Eu falo do sol amarelo das mimosas
E da cotovia que canta
No cimo dos pinheiros.
Não sei quem faz
O melhor trabalho
Mas é no teu rosto
Que o sol lavra a terra.
Esta opção de Izidro Alves em trilhar o caminho de um versejar límpido, que não se deixa embiocar por quaisquer hermetismos “benfazejos”, e que estabelece que a poeticidade de um texto não advém exclusivamente da construção deste, mas da relação dialógica que se estabelece entre o em-si de dada estrutura poemática e a cognoscibilidade interpretativa do leitor; esta opção – direi – poético-estética, onde os poemas irrompem, por vezes inopinadamente, quais iluminações de sentido, ante o aberto do olhar do outro, aproxima esta poesia de grandes poetas como, por exemplo, do bretão Eugène Guillevic, e, para concluir, deixo aqui duas ilustrações do referido:
No teu poema
Há um cuco.
Já falaste dele
Muitas vezes,
Então, lembremo-nos,
Vivamos com ele
Uma primavera que atravessa
Todas as estações. (3)
outro exemplo:
Sim, tarde
Tu instalas-te como se
Devesses permanecer.
Mas acabarás engolida
Como a maré. (4)
(1) Para acompanhar esta polémica Cf. Mario Perniola in “La estética contemporânea”. Madrid: La Bolsa de la Medusa, 2016, pp 17-29.
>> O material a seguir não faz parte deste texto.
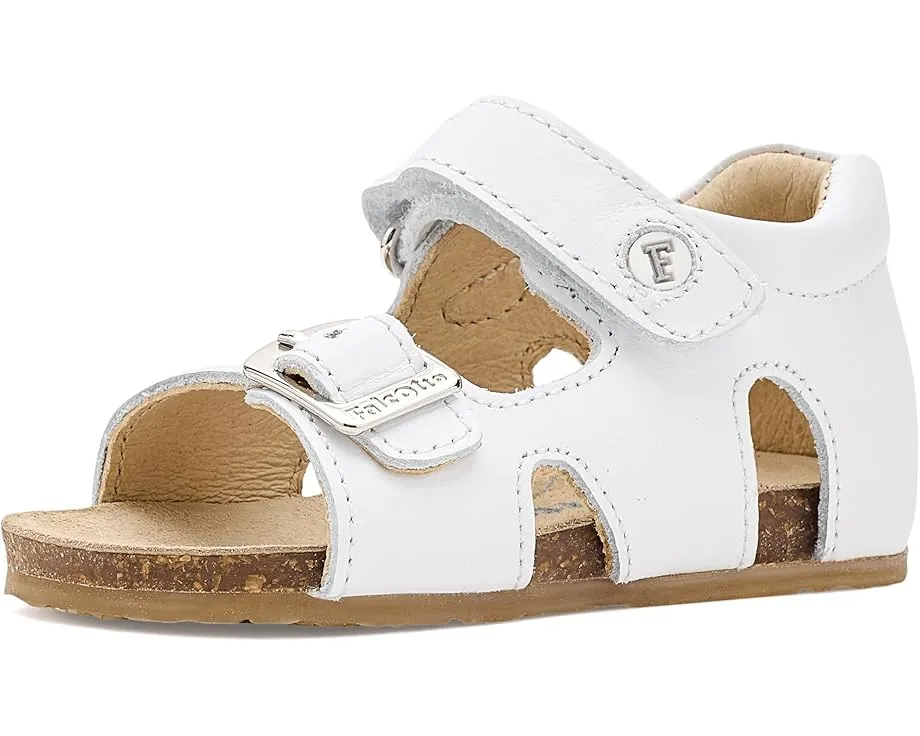 Сандалии Naturino Bea с открытым носком и двойными ремешками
(2) In “A sombra da mão” de Izidro Alves. Lisboa: GDCBP, 2018, p 57.
(3) In “Art poétique” de Guillevic. Paris: Poésie/ Gallimard, 1970, p 182 (Tradução de Victor Oliveira Mateus).
(4) In “Possibles futurs” de Guillevic. Paris: Poésie/ Gallimard, 1996, p 117 (Tradução de Victor Oliveira Mateus).